Ecco l'iter. Ieri l'Anac ha inviato la notifica di inizio procedimento ai vertici di Italiana costruzioni, che guida il raggruppamento di aziende che lavora a Palazzo Italia. Nei prossimi tre giorni Italiana costruzioni potrà elaborare una memoria difensiva da inviare all'Anac. Intanto l'Autorità anticorruzione invierà la richiesta alla prefettura di Milano, suggerendo la misura da adottare, che però dovrà essere avallata e formalizzata dal prefetto Francesco Paolo Tronca.
Le possibilità sono tre: il commissariamento dell'azienda nella parte relativa alla commessa nel mirino degli inquirenti; il monitoraggio, che punta a affiancare il cda con dei tecnici esterni; la sostituzione dei vertici aziendali. Dovrebbe essere scelto il monitoraggio, appunto.
A commettere i reati di turbativa d'asta, secondo la procura di Firenze, sarebbero stati Stefano Perotti, consulente di Italiana costruzioni (in custodia cautelare); Attilio e Luca Navarra e Alessandro Paglia, del consorzio Italiana costruzioni; Giacomo Beretta, ex assessore al Bilancio del Comune di Milano ai tempi della Moratti; Antonio Acerbo, ex subcommissario di Expo già coinvolto nelle precedenti indagini della procura di Milano; Andrea Castellotti, facility manager del Padiglione Italia già coinvolto in una delle inchieste milanesi, quella sulle Vie d'acqua sud, in qualità di consulente dell'azienda Tagliabue.

Secondo le ricostruzioni, Perotti avrebbe cercato di condizionare Acerbo, all'epoca responsabile della commissione di gara, a favore di Italiana costruzioni, promettendo utilità per il figlio. L'intermediazione è stata svolta da Beretta e Castellotti.
Intanto ieri nei cantieri di Expo è stato fatto il punto della situazione delle opere. A trentanove giorni dall'inaugurazione, lavorano nel sito quasi 6mila persone da tutto il mondo con turni di lavoro distribuiti su venti ore al giorno.
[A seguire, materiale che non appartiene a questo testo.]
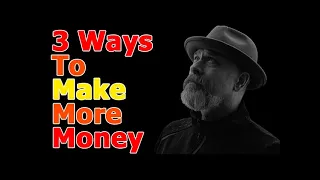 3 Ways To Make More Money | Wise Man Quotes | The Life Tips | A Motivational Guide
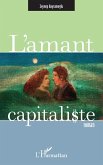 L'amant capitaliste (eBook, PDF)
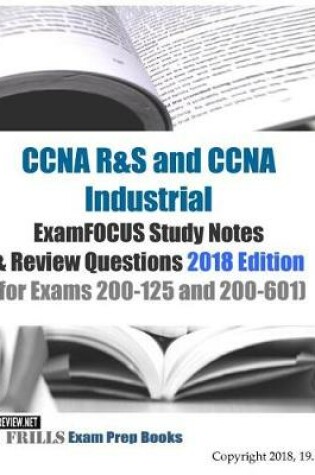 Cover of CCNA R&S and CCNA Industrial ExamFOCUS Study Notes & Review Questions 2018 Edition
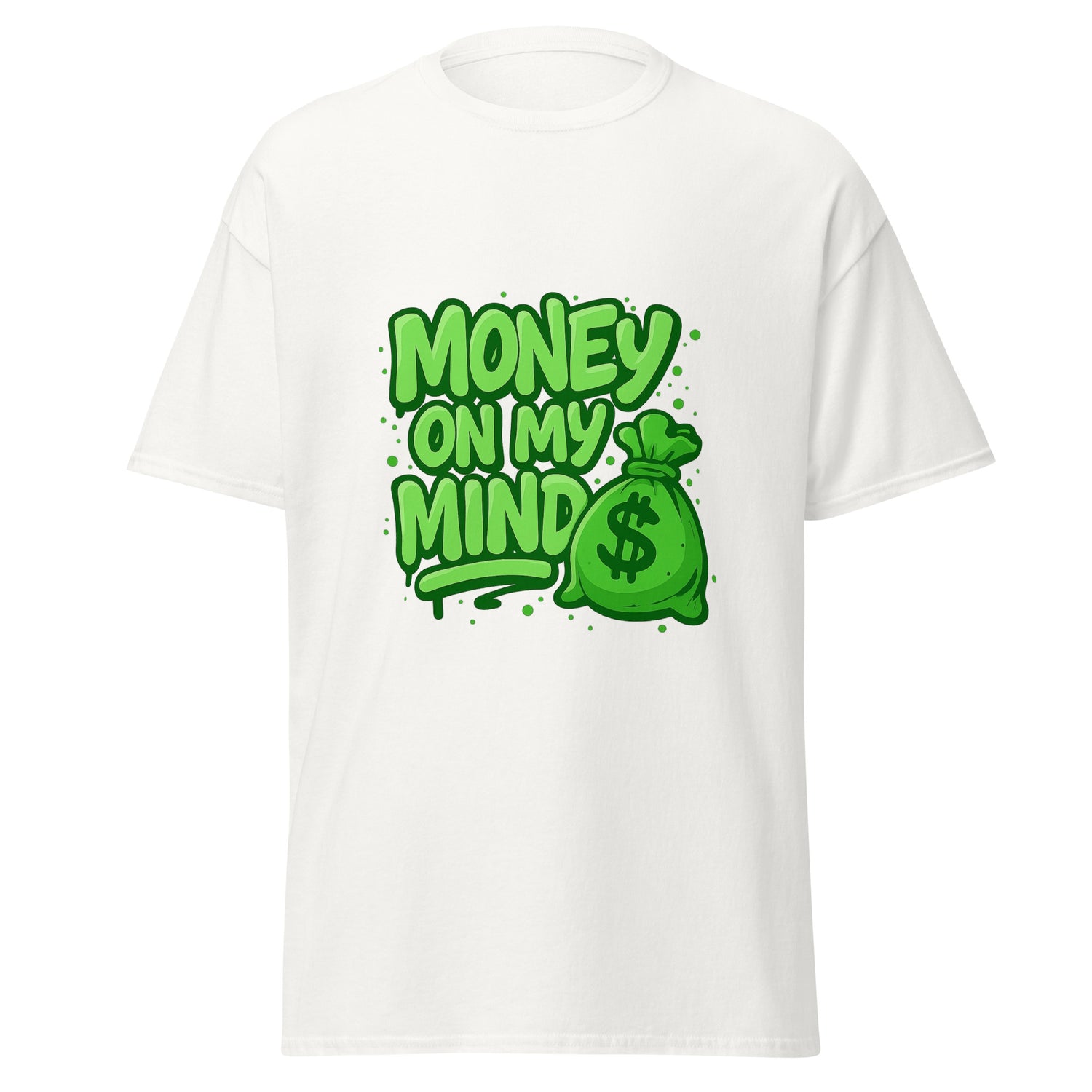Green money on my mind graphic with cash bag illustration for t shirt design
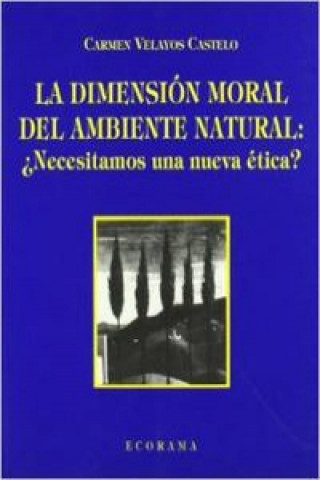 Kniha La dimensión moral del ambiente natural : necesitamos una nueva ética? Carmen Velayos Castelo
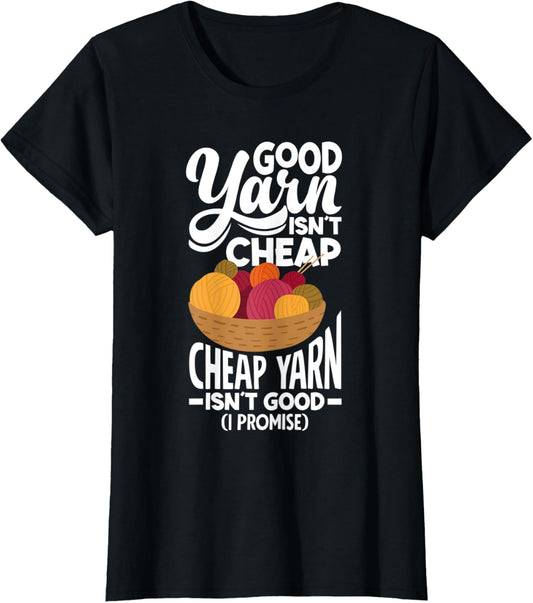Womens Crochet Good Yarn Isn´t Cheap Cheap Yarn Isn´t Good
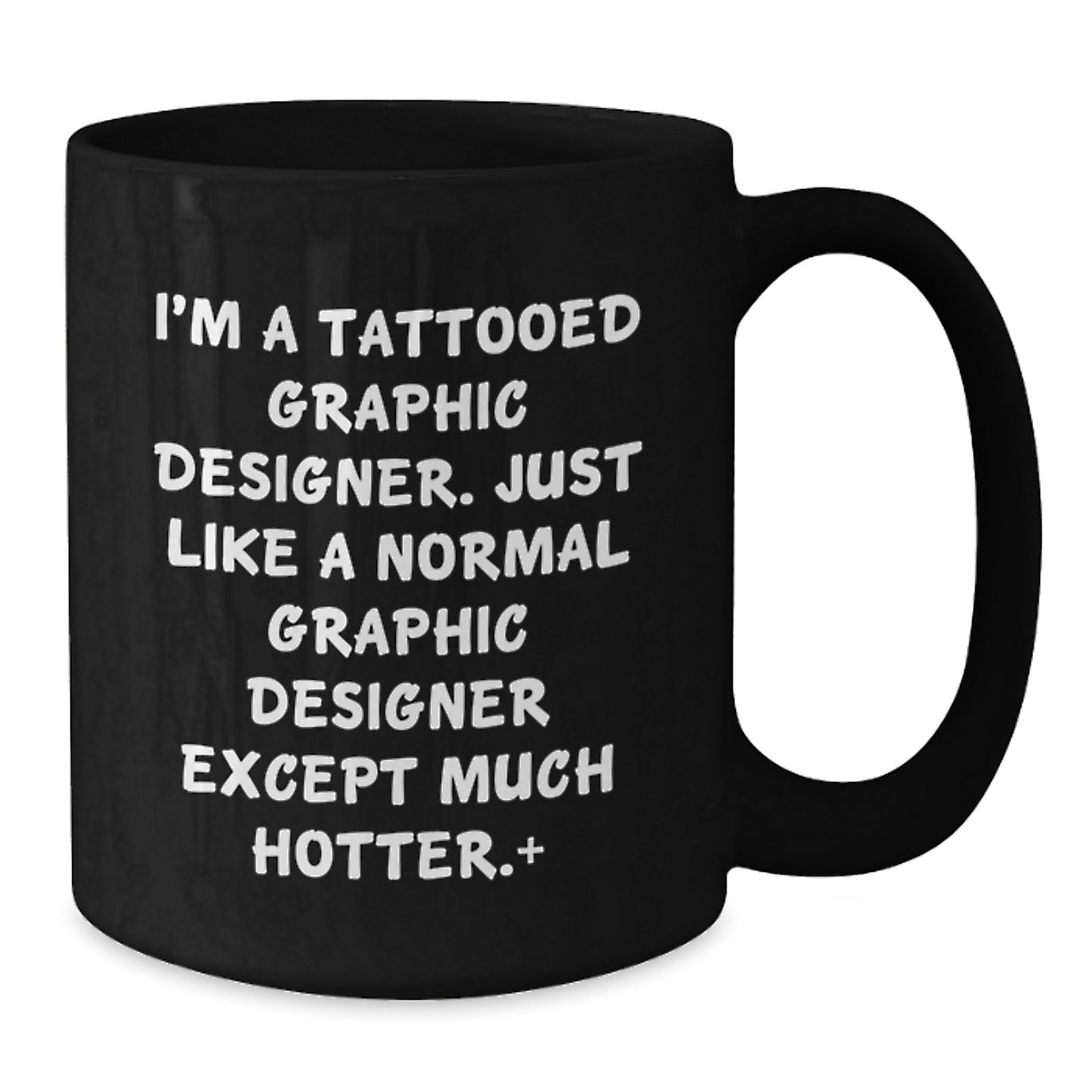Funny Graphic Designer Christmas Unique Gifts from Friends for Men - Black Coffee Mug 'I'm a Tattooed Graphic Designer' - Additional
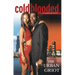 Cold Blooded: A Hardcore Novel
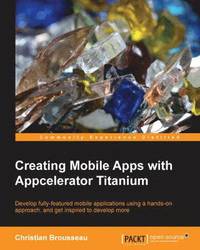 bokomslag Creating Mobile Apps with Appcelerator Titanium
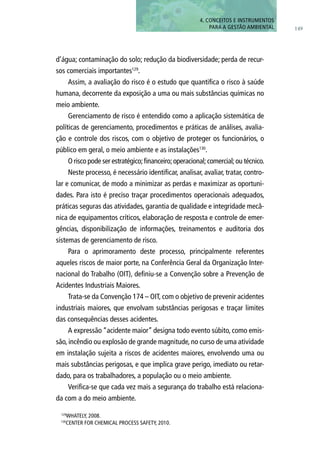 149
4. CONCEITOS E INSTRUMENTOS
PARA A GESTÃO AMBIENTAL
d’água; contaminação do solo; redução da biodiversidade; perda de recur-
sos comerciais importantes129
.
Assim, a avaliação do risco é o estudo que quantifica o risco à saúde
humana, decorrente da exposição a uma ou mais substâncias químicas no
meio ambiente.
Gerenciamento de risco é entendido como a aplicação sistemática de
políticas de gerenciamento, procedimentos e práticas de análises, avalia-
ção e controle dos riscos, com o objetivo de proteger os funcionários, o
público em geral, o meio ambiente e as instalações130
.
O risco pode ser estratégico;financeiro;operacional;comercial;ou técnico.
Neste processo, é necessário identificar, analisar, avaliar, tratar, contro-
lar e comunicar, de modo a minimizar as perdas e maximizar as oportuni-
dades. Para isto é preciso traçar procedimentos operacionais adequados,
práticas seguras das atividades, garantia de qualidade e integridade mecâ-
nica de equipamentos críticos, elaboração de resposta e controle de emer-
gências, disponibilização de informações, treinamentos e auditoria dos
sistemas de gerenciamento de risco.
Para o aprimoramento deste processo, principalmente referentes
aqueles riscos de maior porte, na Conferência Geral da Organização Inter-
nacional do Trabalho (OIT), definiu-se a Convenção sobre a Prevenção de
Acidentes Industriais Maiores.
Trata-se da Convenção 174 – OIT, com o objetivo de prevenir acidentes
industriais maiores, que envolvam substâncias perigosas e traçar limites
das consequências desses acidentes.
A expressão “acidente maior” designa todo evento súbito, como emis-
são, incêndio ou explosão de grande magnitude, no curso de uma atividade
em instalação sujeita a riscos de acidentes maiores, envolvendo uma ou
mais substâncias perigosas, e que implica grave perigo, imediato ou retar-
dado, para os trabalhadores, a população ou o meio ambiente.
Verifica-se que cada vez mais a segurança do trabalho está relaciona-
da com a do meio ambiente.
129
WHATELY, 2008.
130
Center for Chemical Process Safety, 2010.
 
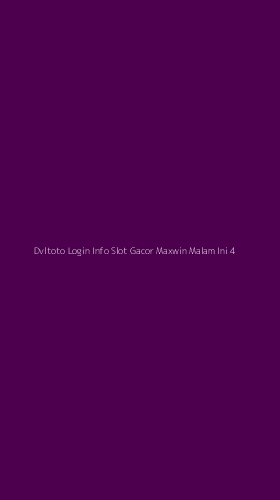 Tampilan Antarmuka Aplikasi Dvltoto Login Info Slot Gacor Maxwin Malam Ini - 4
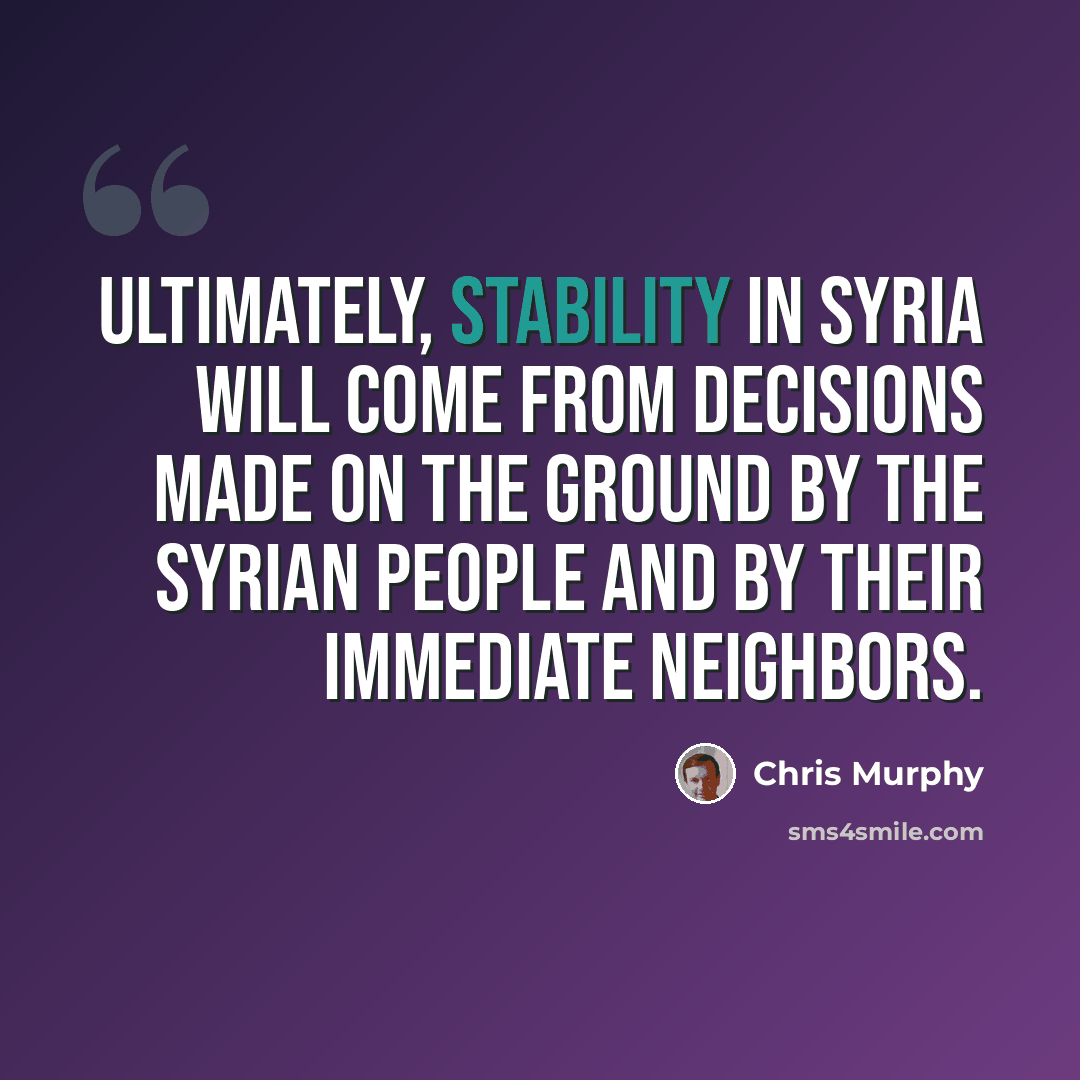“Ultimately, stability in Syria will come from decisions made on the ground by the Syrian people and by their immediate neighbors.” quote by Chris Murphy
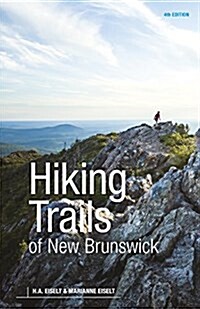Hiking Trails of New Brunswick, 4th Edition (Paperback)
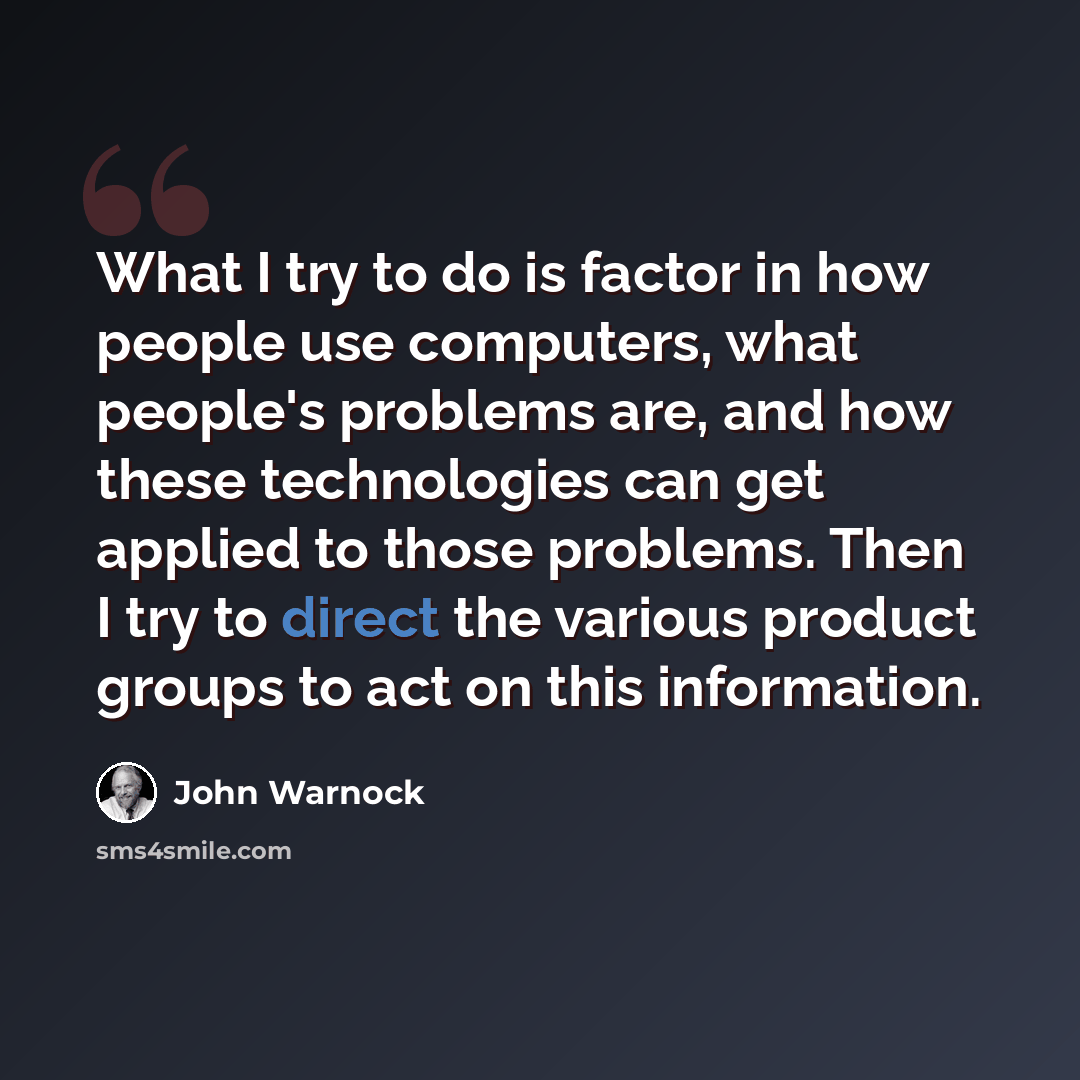 “What I try to do is factor in how people use computers, what people's problems are, and how these technologies can get applied to those problems. Then I try to direct the various product groups to act on this information.” quote by John Warnock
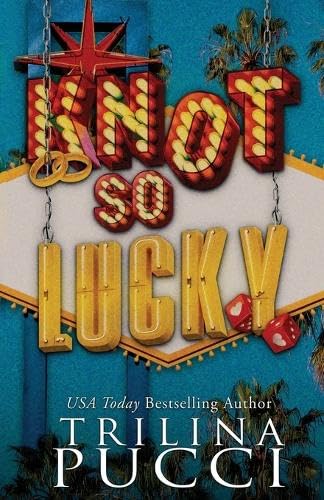 Knot so Lucky (The More the Merrier, Band 2)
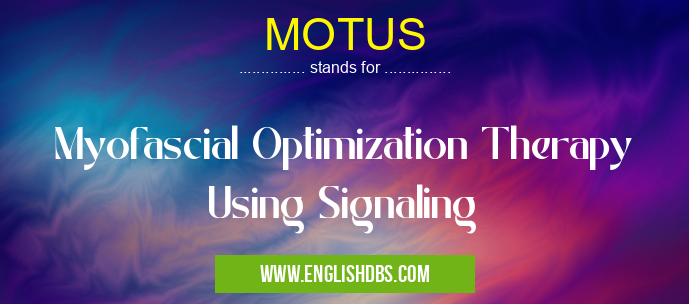 MOTUS means Myofascial Optimization Therapy Using Signaling MOTUS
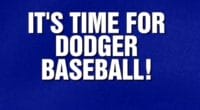 "It's Time For Dodger Baseball" category on ABC's "Jeopardy!"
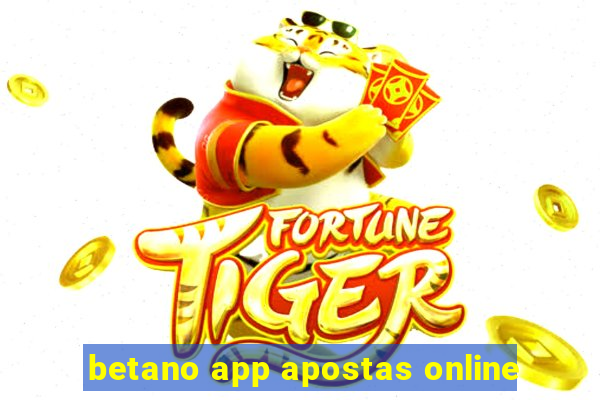 betano app apostas online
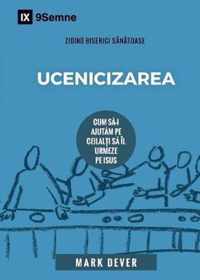 Ucenicizarea (Discipling) (Romanian)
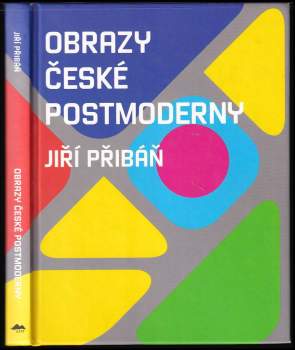Jirí Pribán: Obrazy české postmoderny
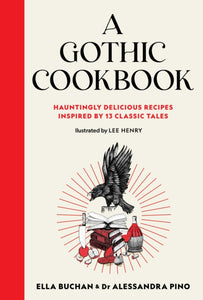 Gothic Cookbook - Ella Buchan (Hardcover)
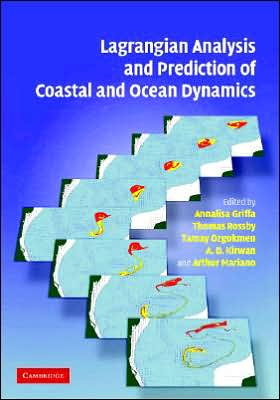 Cover for Annalisa Griffa · Lagrangian Analysis and Prediction of Coastal and Ocean Dynamics (Hardcover Book) (2007)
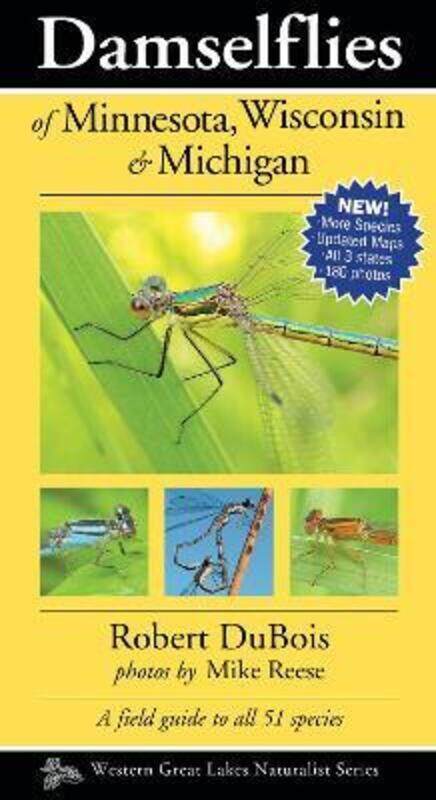 Damselflies of Minnesota, Wisconsin & Michigan,Paperback, By:DuBois, Robert - Reese, Mike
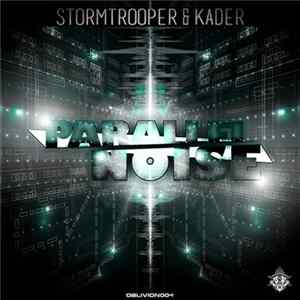 Stormtrooper & Kader - Parallel Noise EP FLAC album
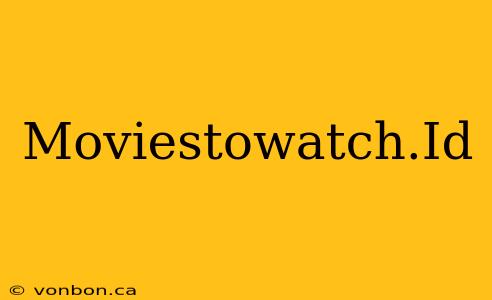 Moviestowatch.Id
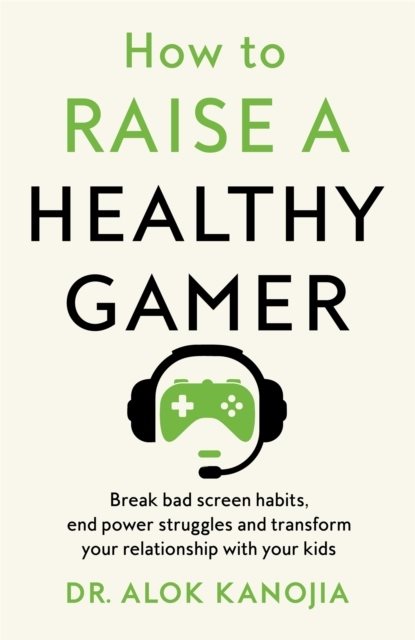 How to Raise a Healthy Gamer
Italferr, del gruppo Ferrovie dello Stato, sta facendo la direzione dei lavori di alcune tra le principali opere, tra cui la piastra. «Siamo al 90% della loro realizzazione», ha detto l'amministratore delegato di Fs, Michele Mario Elia.
L'ottimismo di Elia è in linea con quello del commissario unico di Expo, Giuseppe Sala: «Il visitatore potrà avere disponibile quasi tutto, pochissimi i Paesi a cui mancherà l'allestimento interno, tutti saranno pronti esternamente», ha dichiarato Sala.
In questa fase i principali obiettivi degli organizzatori dell'Expo sono due: conquistare il numero maggiore possibile di visitatori italiani e metterli in condizioni di arrivare facilmente. «La prima buona riuscita dell'evento è portare le persone all'ingresso di Expo: credo che quando entreranno saranno contente», ha aggiunto il commissario Sala. L'obiettivo è che la maggior parte dei visitatori si sposti in treno. Per questo Milano sarà servita da 236 corse di Trenitalia al giorno, a cui si aggiungono i treni suburbani e regionali potenziati di Trenord. A giugno arriverà sui binari dell'alta velocità anche il treno superveloce Frecciarossa 1000.